The basic Verso account is free. This allows teachers to create classes, activities and review the data and statistics. However, there is also an opportunity to engage with a ‘campus’ subscription. This offers the ability to tie together an entire school of teachers, with features such as sharing activities, the ability to upload via web browser and access for coordinators to see statistics across all teachers, subjects and year levels. Pricing for this is dependent on the size of the school.
Kevin Zahner has written a post which outlines some possible uses for Verso including:
Analysing an image and providing an account of what is seen.
Gathering questions associated with an inquiry topic.
Brainstorming anonymously in silence.
Reflecting and evaluating progress of to learning.
In regards to data and policy, Verso requires only an email address, first and last name, and the school name from teacher users. For student they require first and last name, and a username. Other than that, they do not require any further personal information.
All of the data within the Verso App is securely stored in the AWS Cloud infrastructure and all interactions are handled via secure HTTPS.
Student information is used solely within the Verso application. Teacher users will also receive occasional emails from Verso to let them know of changes within the application, from which they can unsubscribe at any time.
Here are some additional resources:
Verso Blog – A collection of resources and reflections associated with Verso
Mozilla Thimble is a part of a suite of tools, including Webmaker and X-Ray Googles, designed to help teach the web by (re)making the web. It allows you to easily create, remix and share webpages. Using HTML and CSS language, putting in the code on the left and then seeing it come to life on the right. What is great are the hints and errors that pop up as you work.
Thinglink EDU is a platform for making interactive images. Whether it be video, audio or text, it allows you to provide links to additional information. Creating an interactive image involves three simple steps: find an image to use as the background, add links using a range of icons and then share the finished product, whether it be as a link or by embedding it in a blog or a website.
Like many programs with educational support, there are two subscription options. Firstly, a free account, which provides you the basics, including 100 student accounts, simple tagging and a small range of icons. While the premium educational version allows for almost unlimited student accounts, Google Drive integration and over a hundred different icons, including the option to use custom icons.
One of the other great features of Thinglink EDU is the ability to remix. No matter which interactive image it is that you find, you can make it your own, adding your own elements and republishing a new version.

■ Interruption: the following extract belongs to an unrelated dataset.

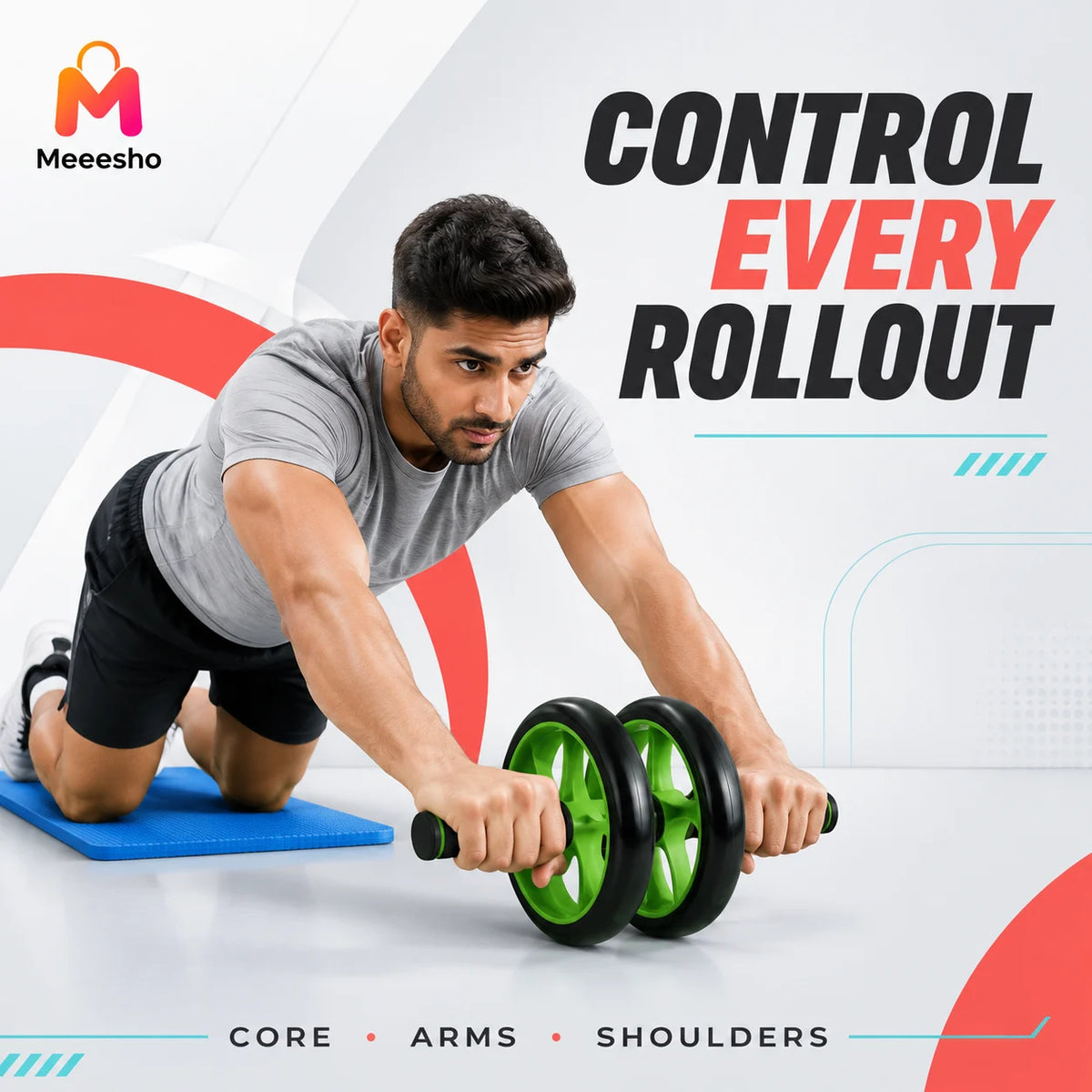 Dual Wheel Ab Roller With Non-Slip Grip for Home Workouts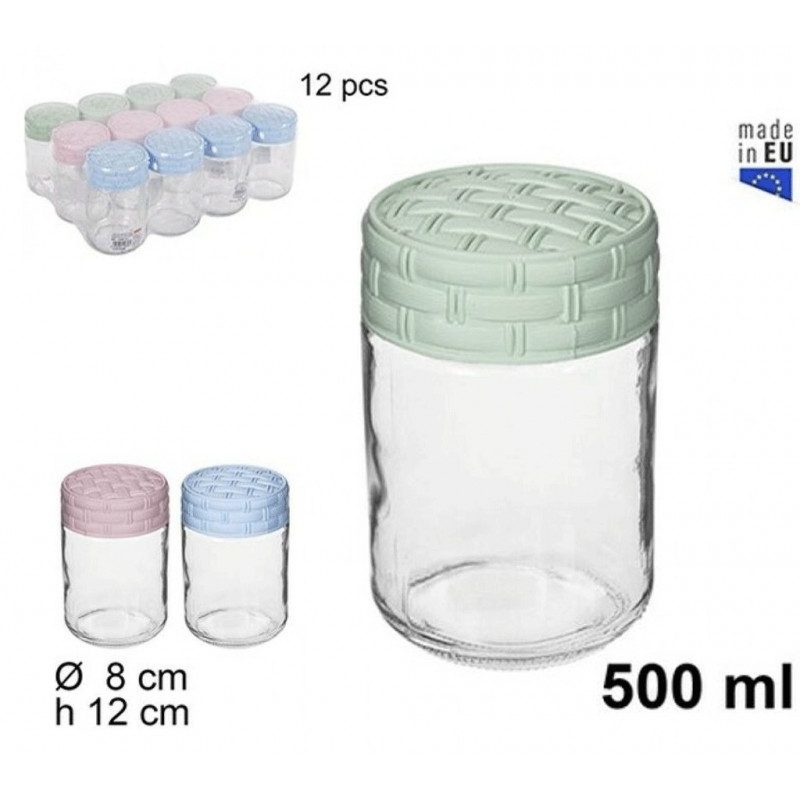 Hongu 12x Barattoli vetro per conserve vasi vasetti chiusura 500ml ...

Some of the possible uses for Thinglink EDU include:
Making an image with a series of questions for students to then remix and answer.
Developing a map with links to mark a journey.
Annotating a piece of work, using icons to highlight different features.
Creating an interactive portfolio with links to different references.
Finding an image that allows you to tell a story.
In regards to data and policy, Thinglink EDU requires only an email address, first and last name from teacher users. For the Premium account, payment details are also collected. Data is stored and processed on computers located in USA or EU.
Thinglink collect information for the purposes of providing and developing the service. Some of the features offered might rely on the use of information we have collected from you in order to ensure that the feature in question is customised and targeted for your specific use. The personal data provided can also be used for direct marketing unless you let Thinglink know that you do not wish to receive such content. The personal data can also be used for contacting you if required for the provision of the service.